INFORMATION PROVIDED —
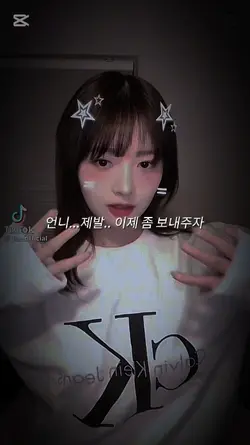 10분걸린 망작 ㅠ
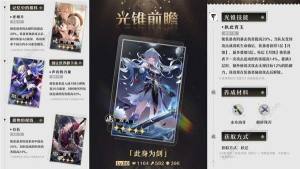 崩坏星穹铁道1.4版上半光锥哪些值得抽 1.4版光锥抽取推荐[图1]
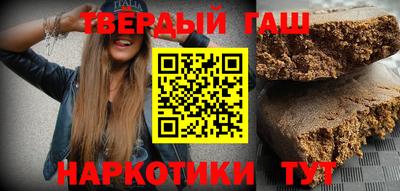 мет Бугуруслан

REQUIRED ACTION — Apart from its pictures, the material above should be repeated exactly.

RESPONSE —
 10분걸린 망작 ㅠ
 崩坏星穹铁道1.4版上半光锥哪些值得抽 1.4版光锥抽取推荐[图1]
 мет Бугуруслан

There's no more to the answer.